■ **What you are asked to do**:
An exact reproduction of the entries is needed. Keep all pictures out of it.

□ □ □ □

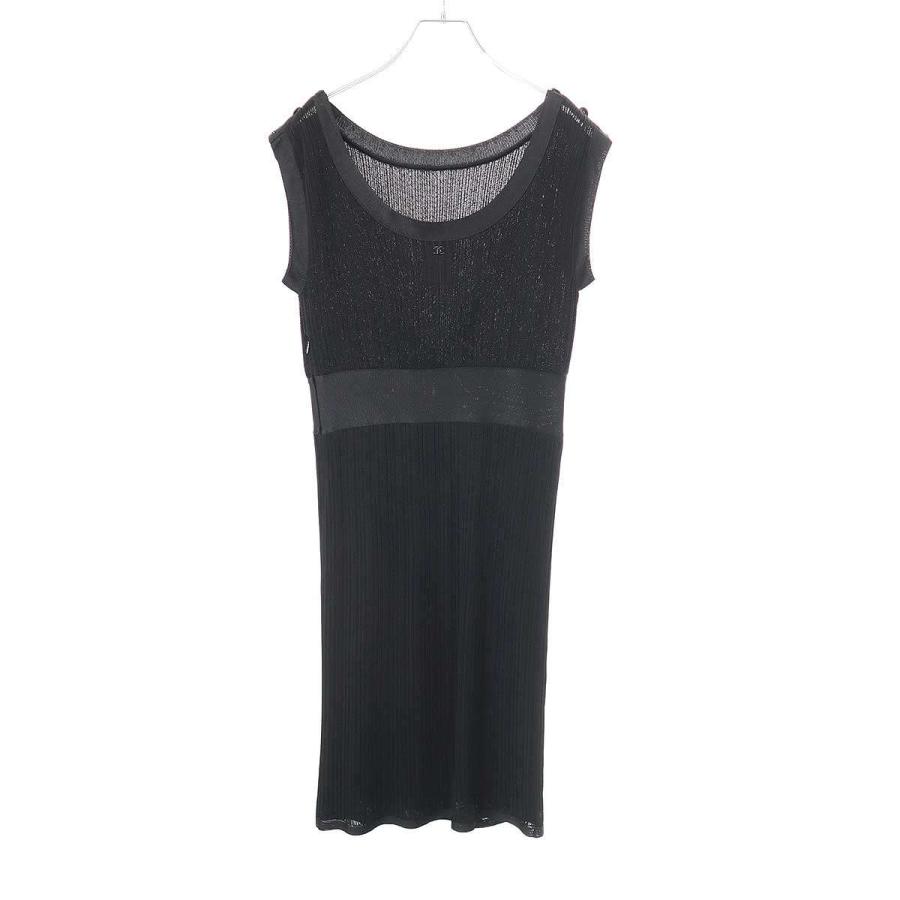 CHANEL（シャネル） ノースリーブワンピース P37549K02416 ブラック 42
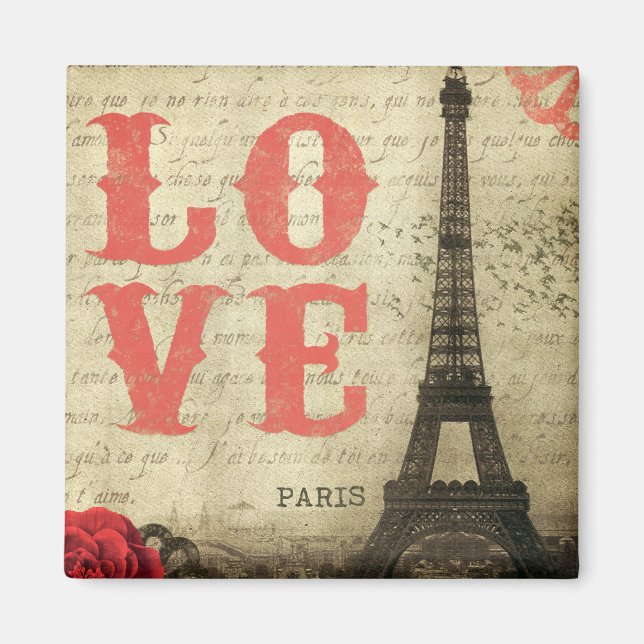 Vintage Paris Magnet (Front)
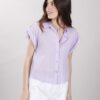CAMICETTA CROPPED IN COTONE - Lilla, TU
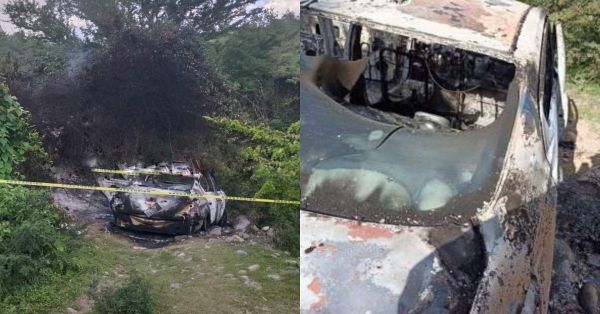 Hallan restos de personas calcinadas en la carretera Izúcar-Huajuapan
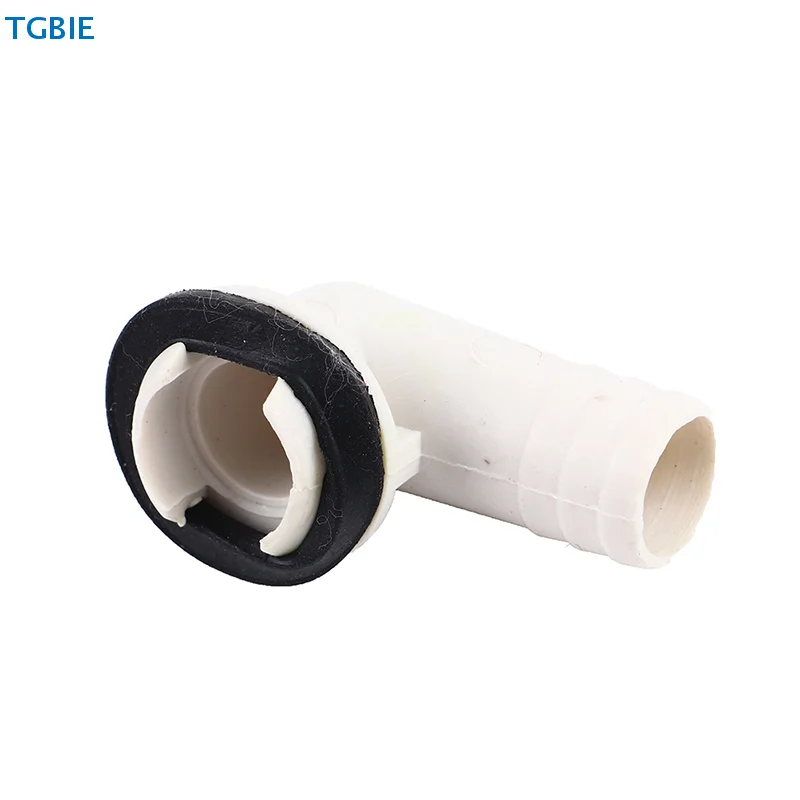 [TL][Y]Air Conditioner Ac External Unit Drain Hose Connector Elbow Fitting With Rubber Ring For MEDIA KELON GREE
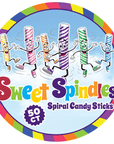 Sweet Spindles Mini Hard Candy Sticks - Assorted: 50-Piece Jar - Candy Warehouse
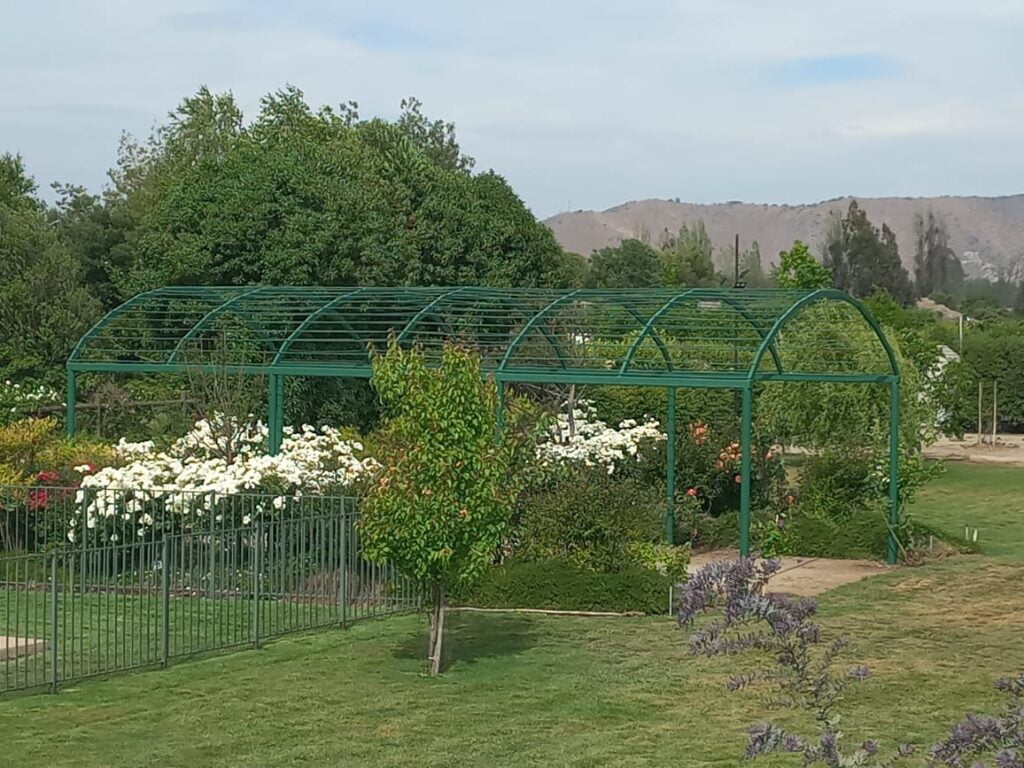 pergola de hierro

□ □ □ □

■ **Completed exercise**:
 CHANEL（シャネル） ノースリーブワンピース P37549K02416 ブラック 42
 Vintage Paris Magnet (Front)
CAMICETTA CROPPED IN COTONE - Lilla, TU
 Hallan restos de personas calcinadas en la carretera Izúcar-Huajuapan
 [TL][Y]Air Conditioner Ac External Unit Drain Hose Connector Elbow Fitting With Rubber Ring For MEDIA KELON GREE
 Sweet Spindles Mini Hard Candy Sticks - Assorted: 50-Piece Jar - Candy Warehouse
 pergola de hierro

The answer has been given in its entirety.